Quand en décembre 1991, le président algérien d’alors Chadli Benjedid avait annoncé la fin du processus électoral, sous la pression omnisciente de l’armée, on se doutait fort bien que la situation n’allait pas pour autant se calmer. Le raz- de -marée des islamistes du FIS était un indicateur sur le ras-le-bol des Algériens plus qu’une prise de position pro-islamiste.
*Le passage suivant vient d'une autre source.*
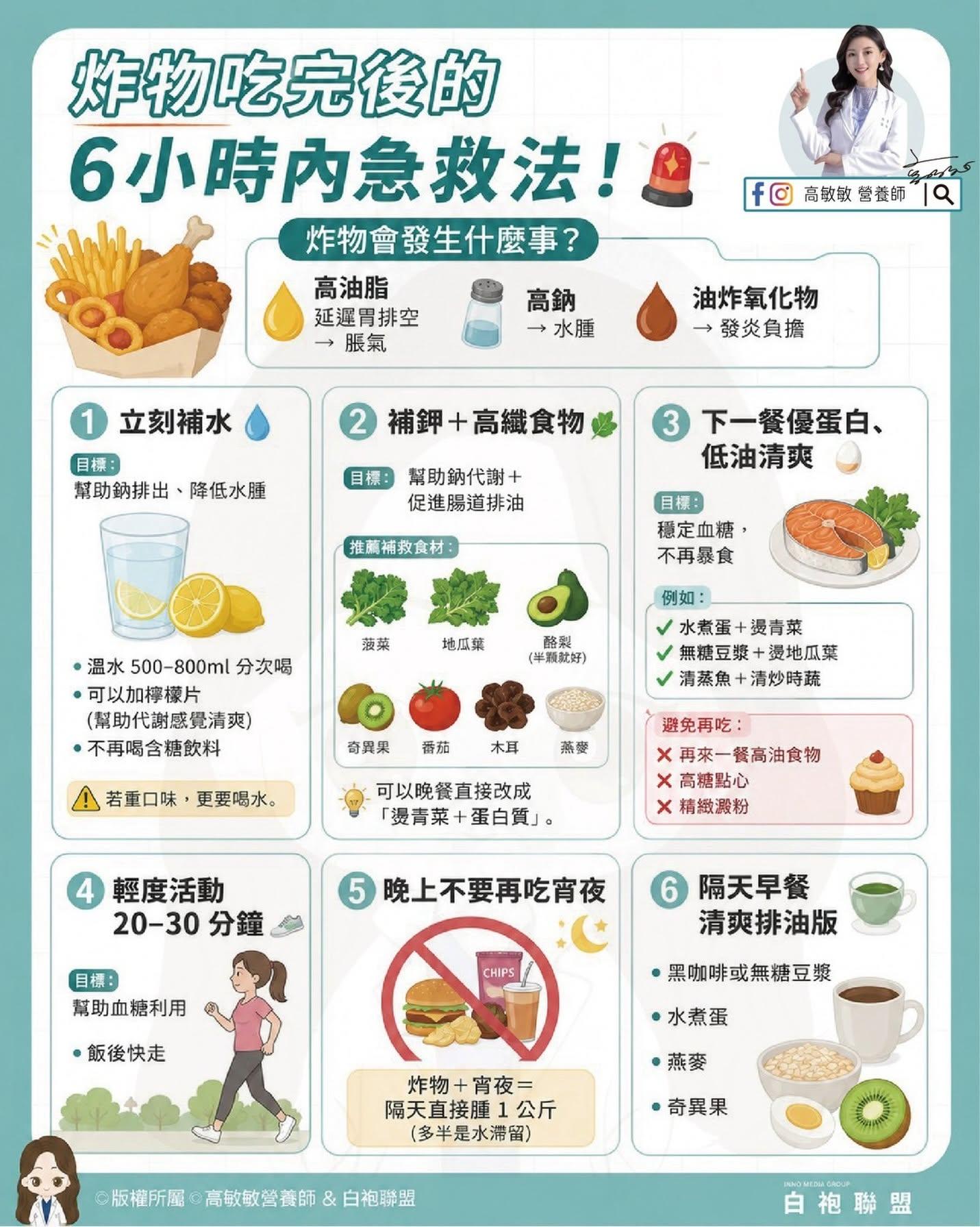 營養師高敏敏分享吃完炸物後「6小時急救法」。(圖/高敏敏提供)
Au fait, les élections municipales de 1991, les premières organisées dans ce pays sous le régime du pluralisme partisan, ont donné des résultats auxquels ni les analystes, ni les opposants les plus anti-FLN ne s’attendaient. Le Front de libération d’Algérie, jusqu’à cette date seul maître à bord, n’a même pas eu une majorité municipale. Il est relégué au troisième rang, après le Front islamique du Salut, de Abbassi Madani et Ali Belhaj, et le Front des forces socialistes de Hocine Ait Ahmed. Alors que les communistes du parti des travailleurs mené par Louisa Hanoune, criaient au scandale, s’estimant de fait lésés au même titre que nombre d’autres sensibilités qui se sont retrouvées marginalisées dans ce face-à-face islamistes-FLN. Le coup de frein sec donné par les généraux, menés de main de fer par Khalid Nezzar, Mohammed Lamari ou encore le général Betchine, et servis par certains caciques du FLN, a finalement projeté le pays dans l’inconnu. Le pouvoir symbolique du FIS s’est renforcé davantage, aidé en cela par des groupes intégristes de tous bords. Pire, il a été débordé par son aile la plus radicale par une multitude de courant plus extrémistes les uns que les autres. Tandis que le FLN n’est plus que l’ombre de lui même et les partis démocratiques sont perdus dans la jungle politico-militaire où seule la voix des généraux ou des affairistes qui leur sont affidés est audible.
Chadli Bendjedid sera emporté dans la tourmente à ses débuts. Puis, ce fut feu Mohammed Boudiaf, rappelé de sa retraite au Maroc, puis assassiné probablement pour indiscipline à l’égard de la junte aux vraies commandes du pouvoir. Ensuite ce fut Liamine Zeroual, Reda Kefi, nommé président du conseil de la présidence, et enfin aujourd’hui avec Abdelaziz Bouteflika. Les têtes du porteur du titre ont changé, mais rien n’a fondamentalement changé la donne dans le sens d’un réglement de la situation. Sauf que la situation n’a pas cessé d’empirer. On est revenu au 5 octobre 1988 quand la rue a explosé. On est arrivé au point où les bonnes volontés de Sain’Ejido, la confrérie chrétienne d’Italie qui a beaucoup oeuvré pour rapprocher les protagonistes, n’y peuvent plus rien.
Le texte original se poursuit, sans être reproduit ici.